To take a step further, if we want today’s LLM agents to overcome those limitations, we need them to be able to self-learn. At that point, the limit of language goes away - the agents will have their internal representation of accumulated knowledge and current situations, while language is only a way for external communication. Self learning was an articulated yet unfulfilled goal during the expert system era, and it would need to be the goal for the next generation agents as well.
The Peak, Fall and Resurrection
Written by Edward Feigenbaum, a Turing Award winner and the “father of expert systems”, The Rise of the Expert Company [4] was published in 1988 at the peak of optimism of expert systems. After covering various success stories with expert systems, Feigenbaum talked about broader societal implications, including slow adoption due to inertia, national infrastructure through government funding, potential job displacement caused by productivity boosts, legal issues around ownership of worker knowledge, and widening gap between knowledge haves and have-nots. All of them should sound very familiar if you pay attention to current discussions on AGI.
As we all know, those concerns were largely non-issue. In the first decade of the 21st century, when the field started to recover from the AI winter, there was actually a resurrection for the technology under the name “rule based systems” with significant success. At that time, it just became a normal technology that no longer attracted hypes.
The Library of the Future
In his book, Feigenbaum called for the second era of knowledge processing, where people can talk to expert systems through natural language, and expert systems will have common sense, with the ability to generalize and self learn. Retrospectively, Feigenbaum knew very well what problems needed to be solved; what was wrong was that he thought they could be solved within the expert system framework.
The part of the book that I found most fascinating though, is a section titled “The Library of the Future”, where Feigenbaum imagined a world of an abundance of knowledgeable assistants (the “library”) in the year 2030.
It acts as a consultant on specific problems, offering advice on particular solutions, justifying those solutions with citations or with a fabric of general reasoning.

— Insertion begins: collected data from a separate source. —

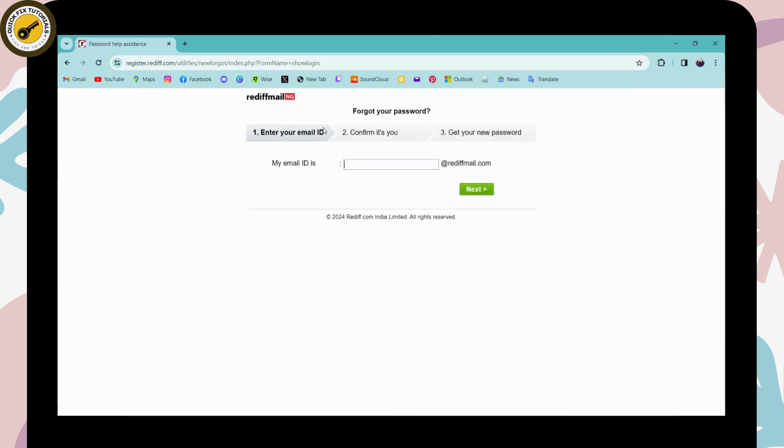on forgot password, you'll have three steps. The first step is to enter your email ID of your Reddit account. Enter the email ID and once you've entered it, you can click on next. After clicking on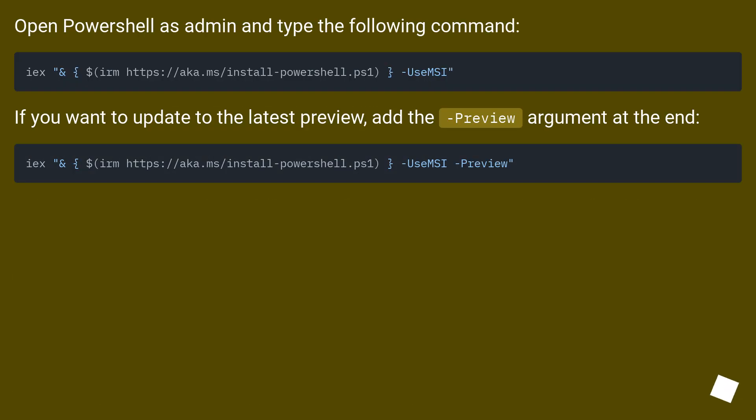Open PowerShell as admin and type the following command. If you want to update to the latest preview, add the -Preview argument at the end.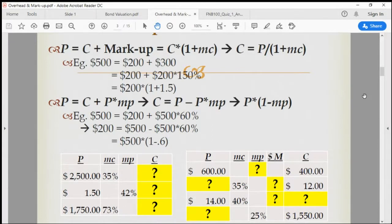Hi, welcome back to the continuing lecture on the overhead and markup. In our last class, we discussed what the markup rate is about and why it is needed.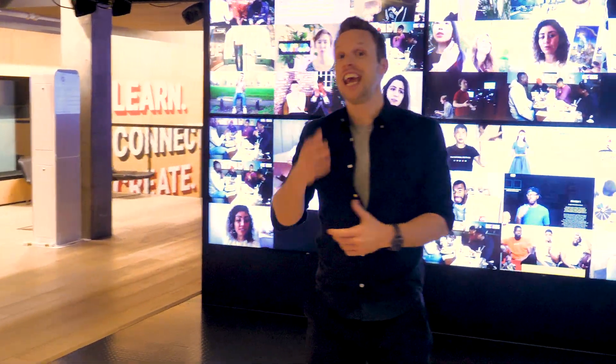YouTube is the second largest search engine in the world and there are over a billion views on learning related videos every day. So it's a great place to get your science out there. But if you've never made a YouTube video, let alone one about science, tech, engineering or maths, where the heck do you start? And how can you get some of those eager eyes on your content? This video will help with all that.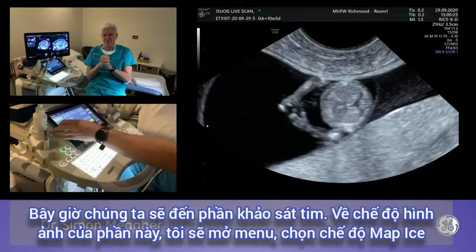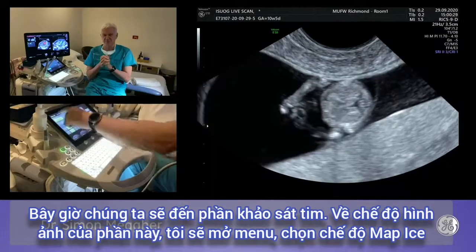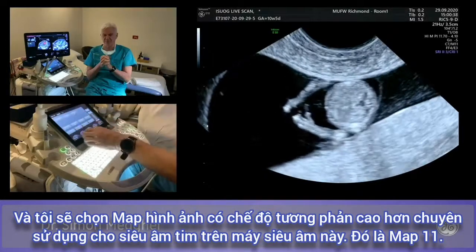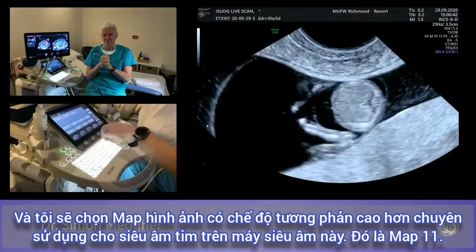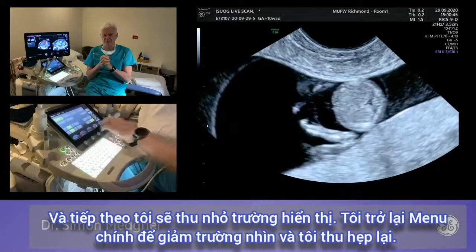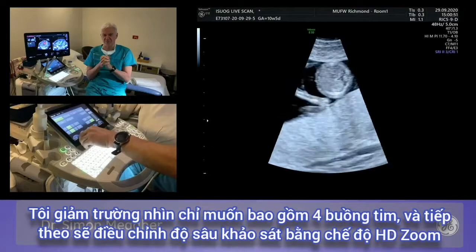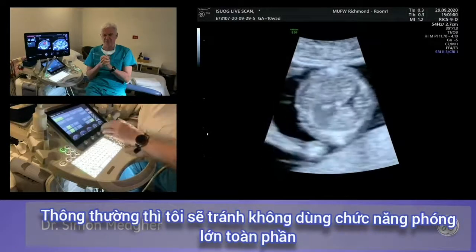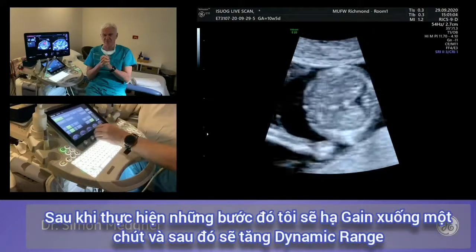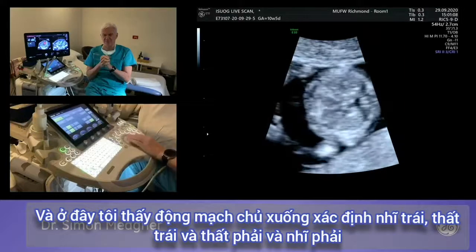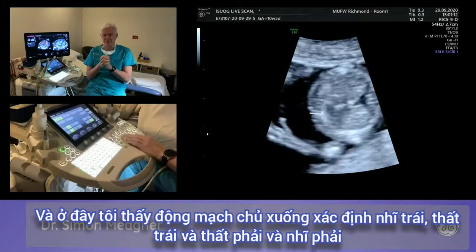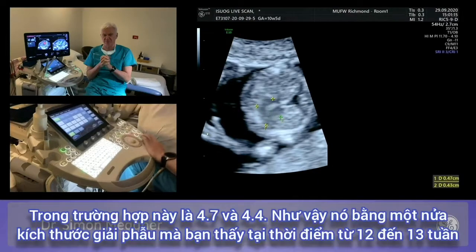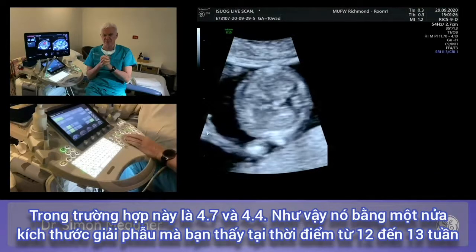For the fetal heart examination: enter the menu, select map ice, then a more contrasty map — listed as map 11 on this system — used for cardiac imaging. Reduce sector width to just catch the four-chamber view. Use HD zoom rather than total zoom. Pull back gain slightly and increase dynamic range. Now visible is the descending aorta defining the left atrium, left ventricle, right ventricle, and right atrium. The heart generally measures around 4 to 5 millimeters at this stage — this measures 4.7 and 4.4 — approximately half the size seen at an anatomy scan at 12 to 13 weeks.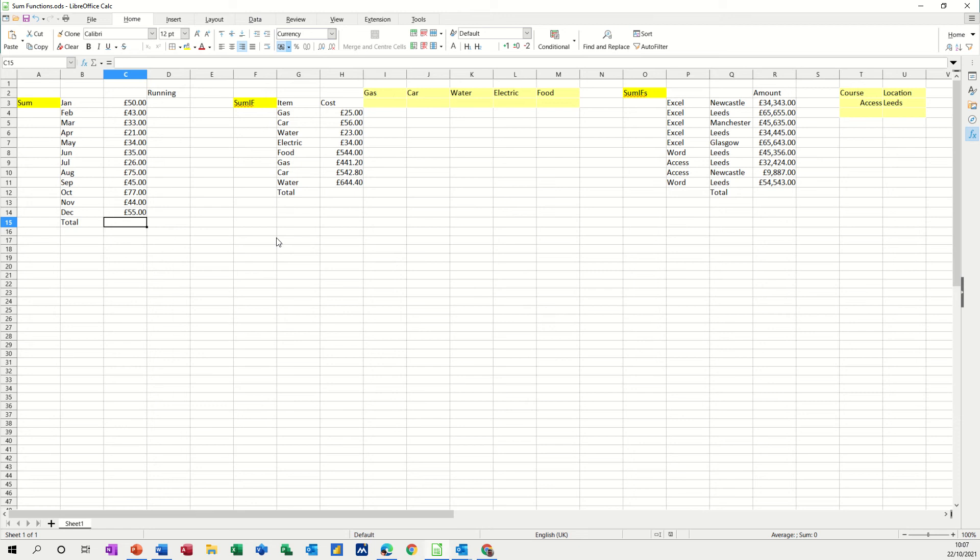Hi guys, welcome to this session in LibreOffice Calc. In this spreadsheet, I'm going to show you how to use the SUM functions. So we're going to look at SUM, SUMIF, and SUMIFS. On the screen I've got several examples, I'm going to go through them one by one.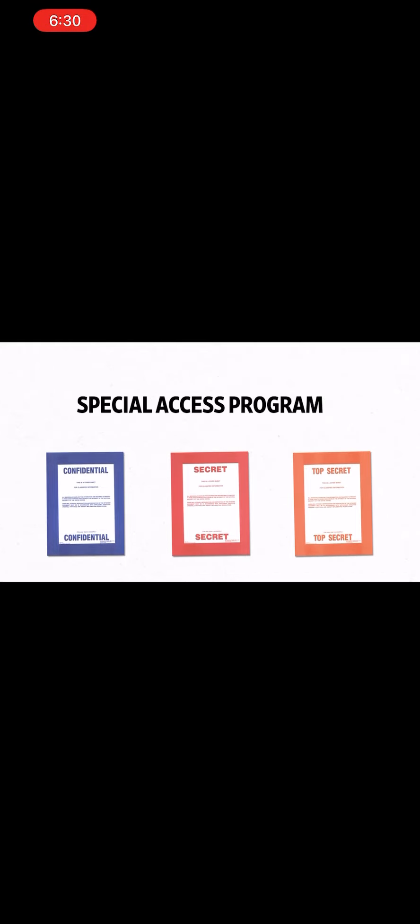Confidential is the lowest classification level, information that could cause damage to national security. The next level is secret, then top secret. There's also additional classifications, like special access programs that only limited people can view.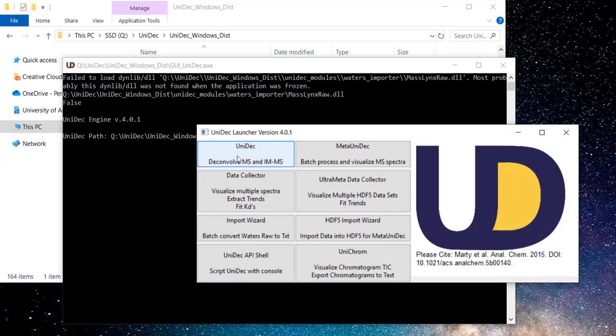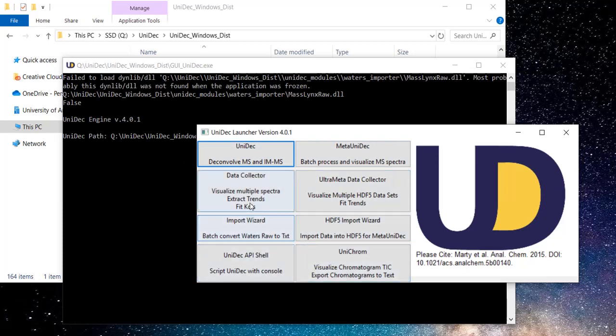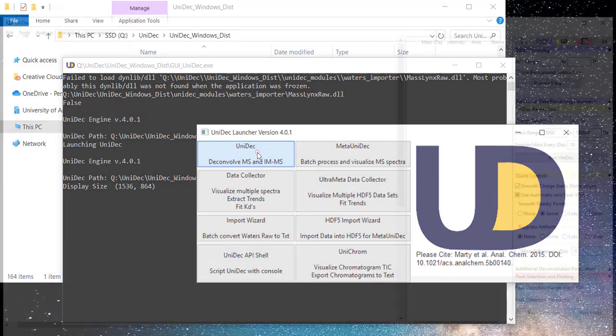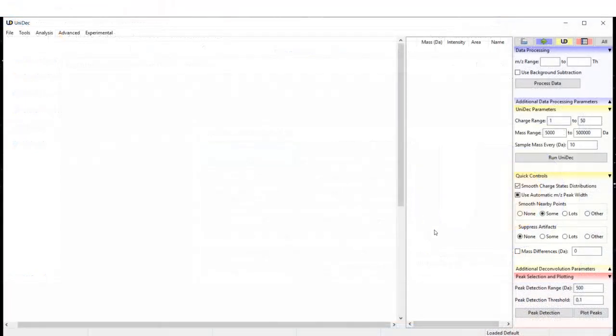As you can see, there are a variety of options, but for now we will focus on the basics. You should now see a window that looks like this. The next step is to import some data.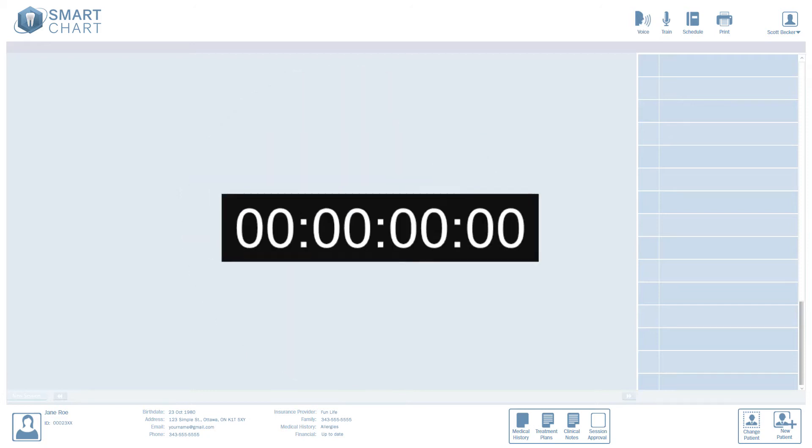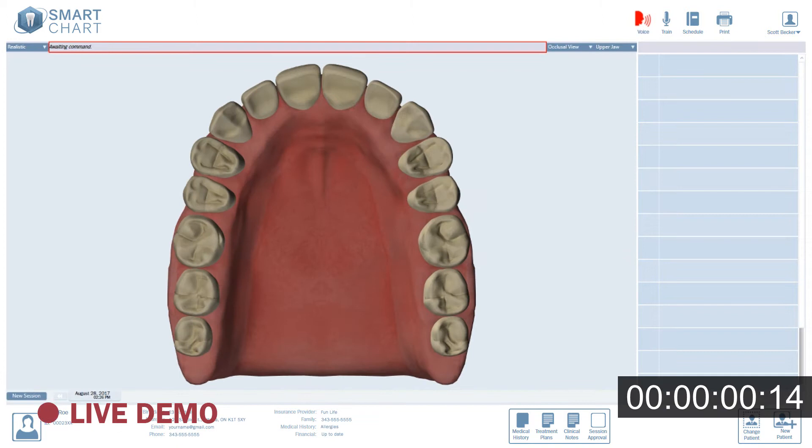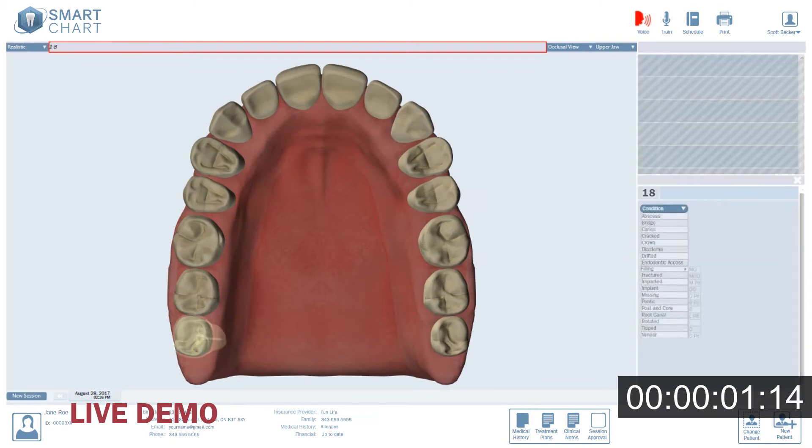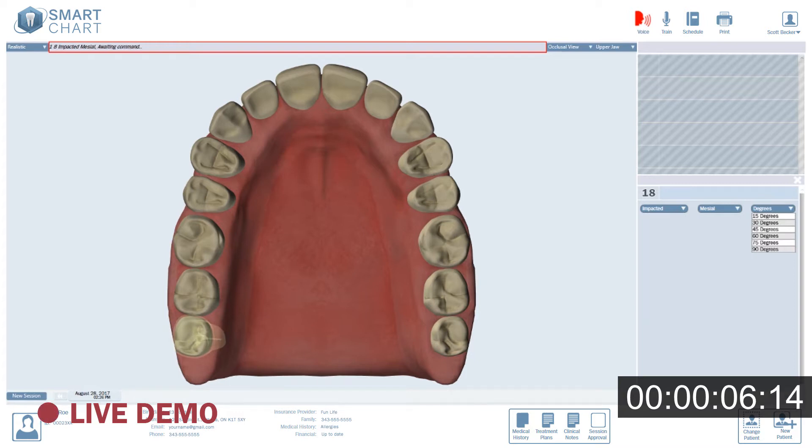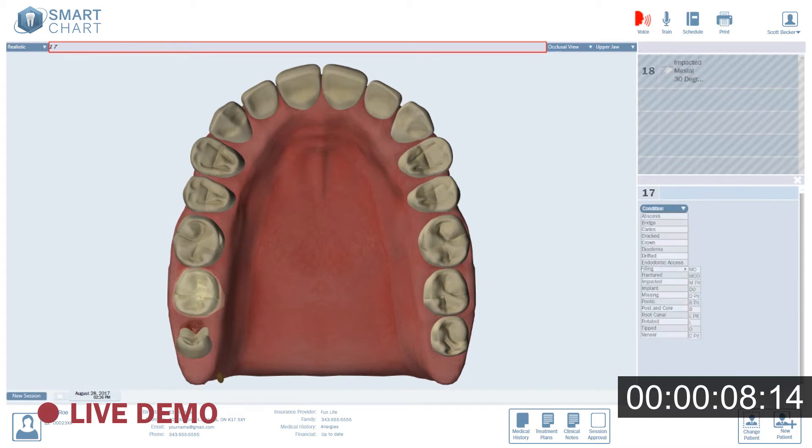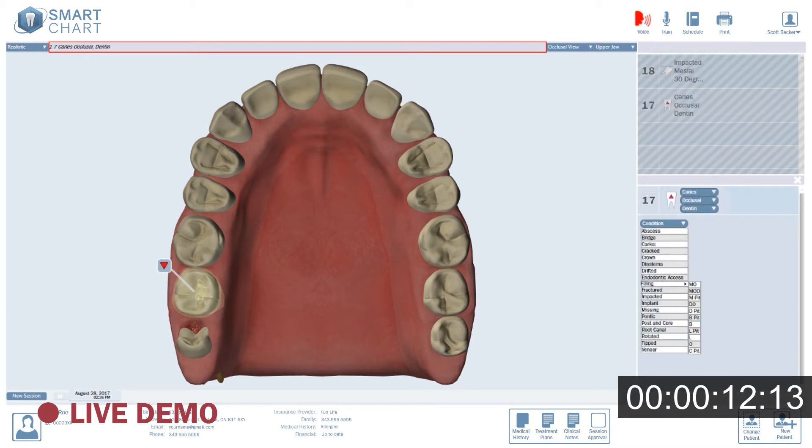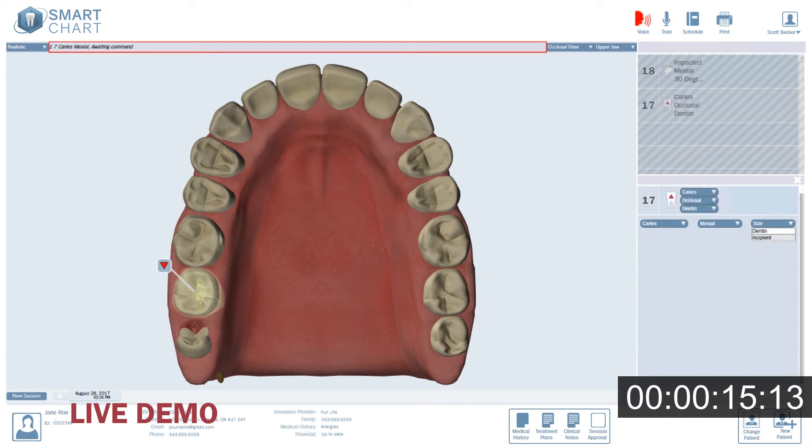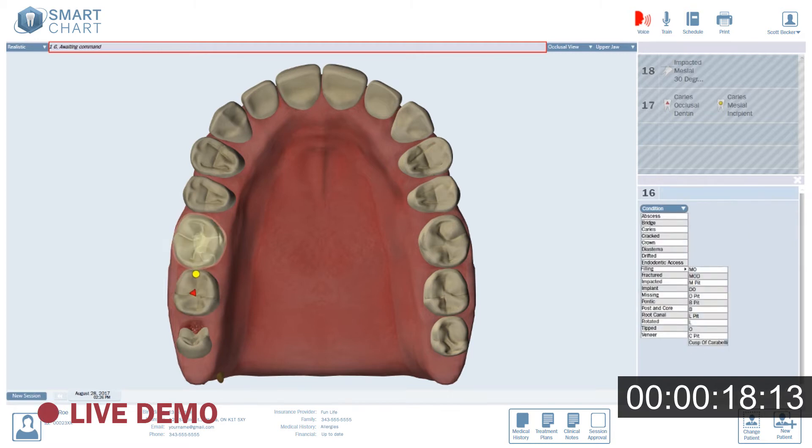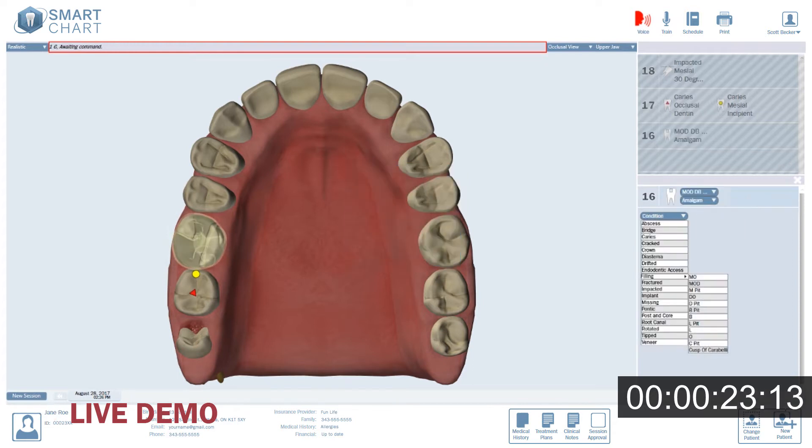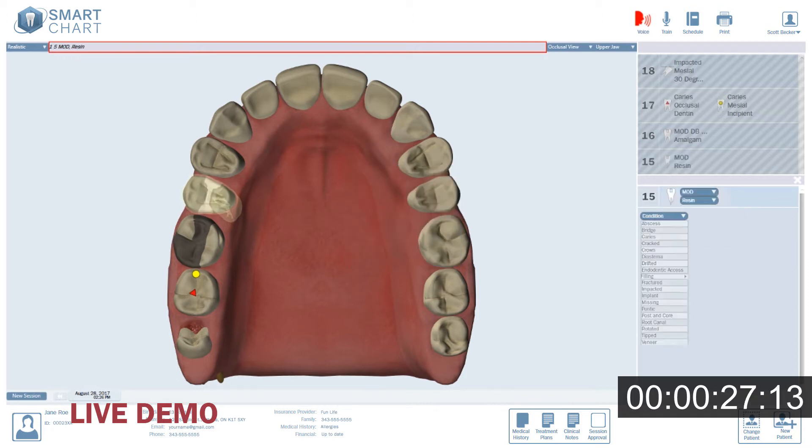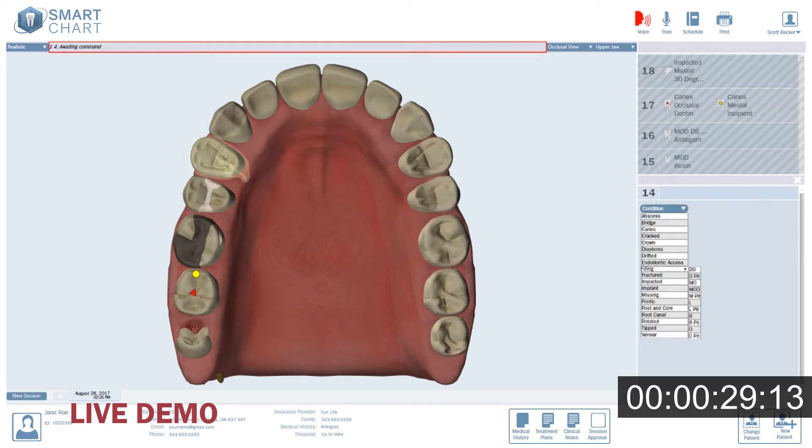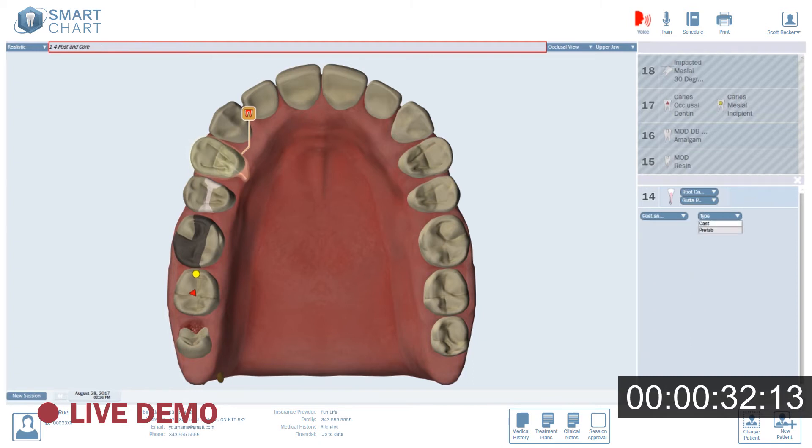1.8. Impacted. Mesial. 30 degrees. 1.7. Caries. Occlusal. Denton. Caries. Mesial. Incipient. 1.6. MOD. Distal occlusal. Resin. 1.4. Root canal. Gutta perca. Post and core. Prefab. Crown. PFM.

It pursues paths of associations to suggest to the user previously unseen connections. Collaborating with the user, it associates and draws analogies to “brainstorm” for remote or novel concepts.
The user of the library of the future need not be a person. It may be another knowledge system - that is, any intelligent agent with a need for knowledge. Such a library will be a network of knowledge systems, in which people and machines collaborate.
If we don’t stress too hard on correctness of reasoning and truly novelty of concepts, it looks like Feigenbaum’s imagination is indeed coming to reality?
References
[1] Rule-Based Expert Systems: The MYCIN Experiments of the Stanford Heuristic Programming Project, by Edward H. Shortliffe in 1984. Shortliffe was the principal developer of the clinical expert system MYCIN, an early rule-based expert system that showed their potential to obtain superhuman expertise and greatly motivated later development of the area.
[2] An Overview of Expert Systems, a technical report from NASA in 1982.
[3] Expert Systems in the 1980s, by Edward Feigenbaum, who is a Turing Award winner and is often considered “the father of expert systems”.
[4] The Rise of the Expert Company, also by Edward Feigenbaum, published in 1988, where the author painted a very optimistic vision of expert systems and artificial intelligence in general.